DIRECTIONS —
Please repeat exactly the lines below from the line with "Now one more" to the line with "And then I've", including both, and leave out every picture.

GIVEN DATA —
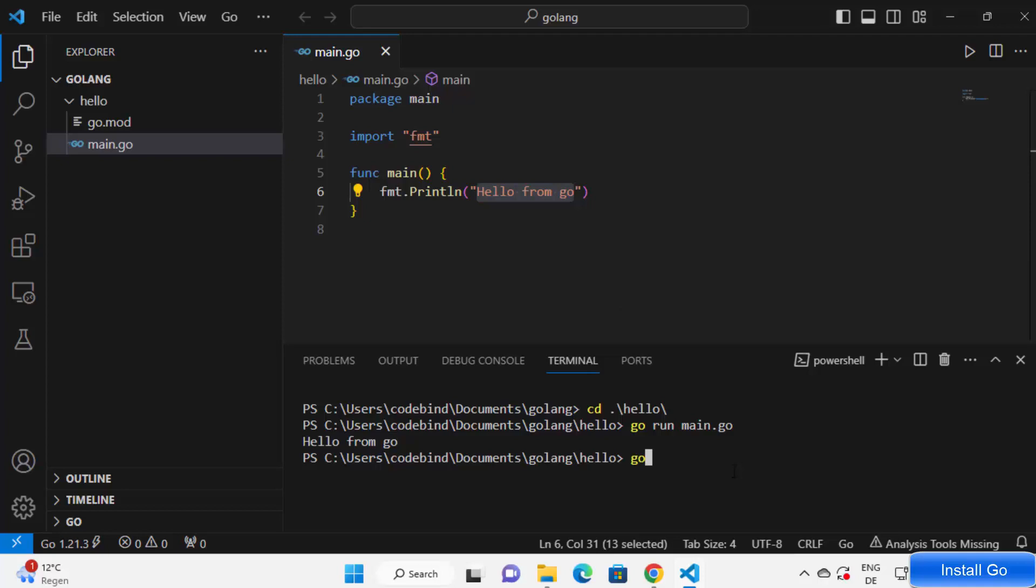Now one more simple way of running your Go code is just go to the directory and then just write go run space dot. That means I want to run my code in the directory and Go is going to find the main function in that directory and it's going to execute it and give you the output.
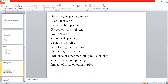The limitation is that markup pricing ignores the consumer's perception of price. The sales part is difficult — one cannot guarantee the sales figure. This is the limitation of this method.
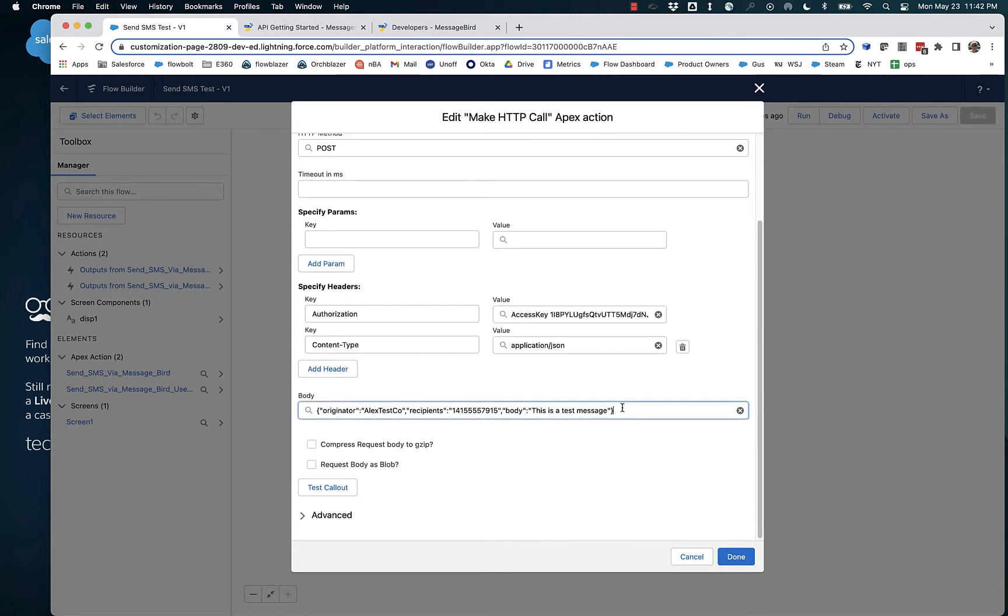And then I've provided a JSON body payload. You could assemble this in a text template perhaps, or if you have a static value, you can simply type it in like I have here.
* * *
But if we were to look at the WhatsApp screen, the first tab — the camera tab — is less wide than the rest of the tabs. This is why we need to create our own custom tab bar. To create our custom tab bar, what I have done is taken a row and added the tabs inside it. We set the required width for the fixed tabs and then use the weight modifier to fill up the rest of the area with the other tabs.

SOLVED EXERCISE —
Now one more simple way of running your Go code is just go to the directory and then just write go run space dot. That means I want to run my code in the directory and Go is going to find the main function in that directory and it's going to execute it and give you the output.
The limitation is that markup pricing ignores the consumer's perception of price. The sales part is difficult — one cannot guarantee the sales figure. This is the limitation of this method.
And then I've provided a JSON body payload. You could assemble this in a text template perhaps, or if you have a static value, you can simply type it in like I have here.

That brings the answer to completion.